Unless a meeting or event is very small, meeting planning and successful execution are team efforts, so reaching a consensus about key event design elements and menu details is vital. In the same mind of thought, having defined points of contact to communicate decisions to vendors is equally as necessary. The importance of agreement for meeting and event planning teams applies regardless if it is a meeting, conference, corporate event, prom, or family affair.
While it is often assumed that corporate events might be slightly easier than planning a wedding or a fundraiser, there are still complex relationships involved that could be even more demanding depending on the scale of the event. Rushing to arrive at consensus and important details will be missed or may never surface if too much time is spent building consensus. The execution phase can end up short-circuited, derailing other decisions later on.
To strike a manageable balance, consider these six tips:
1. Determine who is on the event planning team.
This is usually obvious to organizations planning conferences or large scale corporate functions, but sometimes, the role of key players is overlooked and plans run astray at the last minute if they were not consulted. One thing is certain, the more players involved the more challenging it will be to reach a consensus and effectively communicate that to vendors unless specific roles and duties are assigned.
2. Share your vision of the event.
Most often this step is skipped. A clue that key players have a different vision for the event is that decisions that some may perceive as a ‘slam dunk’ are dragging on and on such as venue selection and choice of a caterer.
3. Hit the pause button.
Discuss and come to an agreement on:
– Who is to be involved in planning the event.
– Each individuals roles and responsibilities.
– Who is to be involved in making decisions.
– How decisions are to be made
– How and who will communicate decisions to vendors
– The type of event each individual envisions
– Venue preferences
– Catering preferences
If anyone has strong objections to an idea, better to scuttle it out as soon as possible than allow it to cause issue later in the planning. Even though the idea might not be the best idea for this particular event, keep it in mind for future planning.
4. Set a rough budget and where it will come from.
Emphasis is often placed on the financial nature of events, regardless of type. Expect sticker shock from team members who are not usually involved in event planning. They will likely not have an understanding of how much things cost.

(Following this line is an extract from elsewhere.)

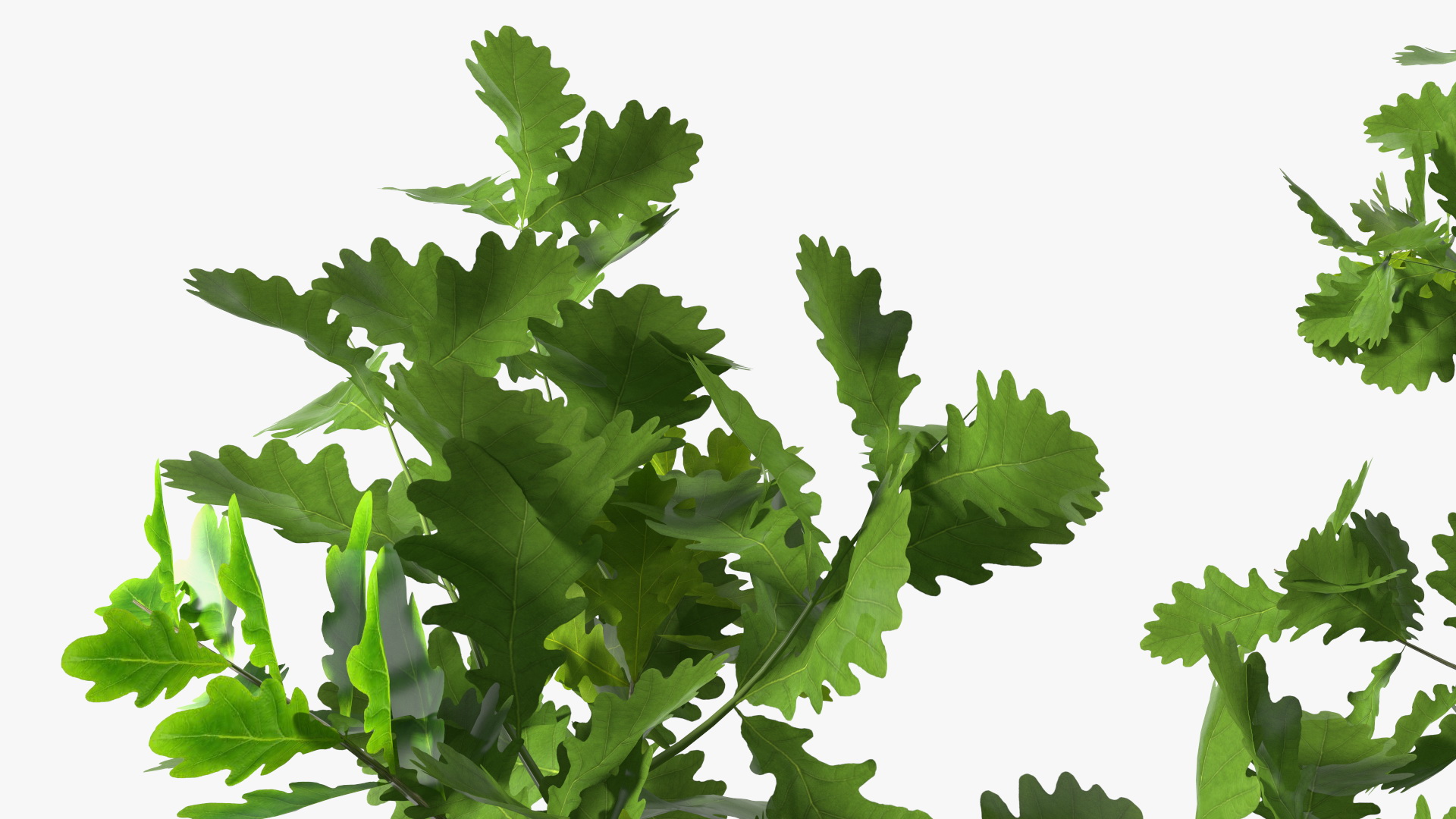 3D model Young White Oak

5. Give everyone a say, but not a vote.
It makes sense for critical decisions, especially when trying to get input from larger planning groups, to use their team planning meetings to ensure all issues and concerns are aired and that all options are explored. Give 2 or 3 senior team members the task of taking this input away, carefully considering all the options, and making the final decision. Arriving at consensus isn’t always easy, but to guarantee there is buy-in and cooperation from all key players it is essential.
6. Establish Your Go-To Persons
For every element of planning there should be a go-to person that acts as point of contact with the vendor responsible for that sector. They will be responsible for communicating the team’s decision to the vendor and communicating information from the vendor to the team. By eliminating multiple people from being in contact with a vendor, mistakes can be avoided such as not having two contradicting decisions given to the vendor that will cause backtracking later on.